On June 10, 2015, the complete cast of the film was announced by Entertainment One, Wyatt Russell was set to play Anders Cain, a volatile young captain of the Halifax Highlanders, Marc-André Grondin to play a superstar Xavier LaFlamme, Kim Coates as Highlanders coach Ronnie Hortense, Pill would star as Glatt's love interest Eva and Schreiber as Ross "The Boss" Rhea, while Cuthbert would play Mary, the outlandish sister of Pill's character Eva, who is now married to Doug the Thug. In a tweet on July 7, 2015 from the set of the film, TSN's Sportscaster James Duthie revealed that he and T.J. Miller were cast to play the sportscasters in the film. On July 23, 2015, real NHL players Tyler Seguin and Michael Del Zotto were spotted on the set during filming along with Scott. On August 7, 2015, a tweet by Georges Laraque stated that he was headed to the set with Colton Orr and George Parros.

=== Filming ===
Principal photography on the film began on June 22, 2015, in Toronto, Ontario. Baruchel also tweeted the photo of the cast from the set. Late-June, filming was taking place in Hamilton, Ontario's Corktown area, the Barrie Molson Centre in Barrie in July until August 13, 2015 and near Bayfront Park in Hamilton.

==Reception==
On review aggregator Rotten Tomatoes, the film has an approval rating of 42% based on 62 reviews, with an average rating of 5/10. The site's critical consensus reads, "Seann William Scott remains as watchable as ever in the title role, but Goon: Last of the Enforcers repeats its predecessor's violent and profane formula to diminishing effect." On Metacritic, which assigns a normalized rating to reviews, the film has a weighted average score of 48 out of 100, based on 17 critics, indicating "mixed or average" reviews.

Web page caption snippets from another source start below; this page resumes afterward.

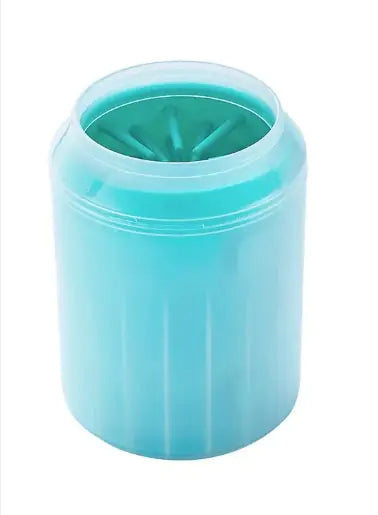 A blue Pet Foot Washing Cup designed for cleaning the paws of pets, featuring soft silicone bristles inside.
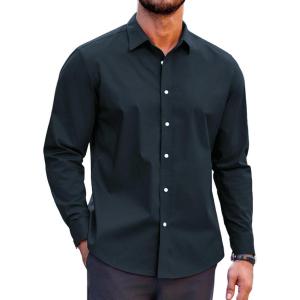 imageCOOFANDY Mens Casual Button Down Shirts Long Sleeve Untucked Shirts for Men Stretch Dress ShirtNavy Blue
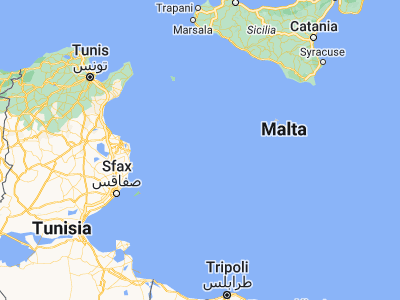 Map showing location of Lampedusa (35.50142, 12.60964)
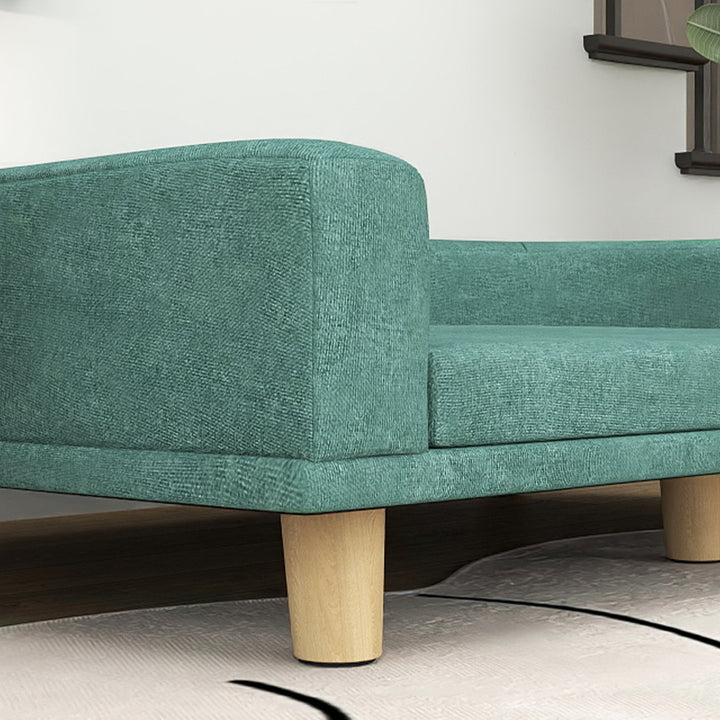 Sofá para Cães Cama Elevada para Cães Estofada com Almofada Lavável e Pés de Madeira de Pinho Carga Máxima 40 kg 98x67x25 cm Verde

Barry Hertz from The Globe and Mail gave the film 3 out of 4 and wrote "Baruchel's sequel is everything Dowse's original film was, amped up a degree or three: The fights involving dim-bulb hero Doug (Seann William Scott) and his various rivals are bloodier, the locker-room talk is dirtier and the on-ice action is slicker. The unlikely project – how many made-in-Canada films spark a franchise? – doesn't quite reach the heights of the original film, which found surprising pathos in Doug's tale of sweet good guy to brutal goon. But it delivers on nearly every other scale, including standout performances from returning players Scott, Alison Pill and Liev Schreiber, as well as some bits of comic gold courtesy of series rookies Wyatt Russell, T.J. Miller and Jason Jones." Toronto Sun gave the film 3.5 out of 5, and stated "Violent, crude and really funny, Goon: Last of The Enforcers, works for the same reason the original Goon worked — you will love the characters." National Post gave the film a 1 out of 4.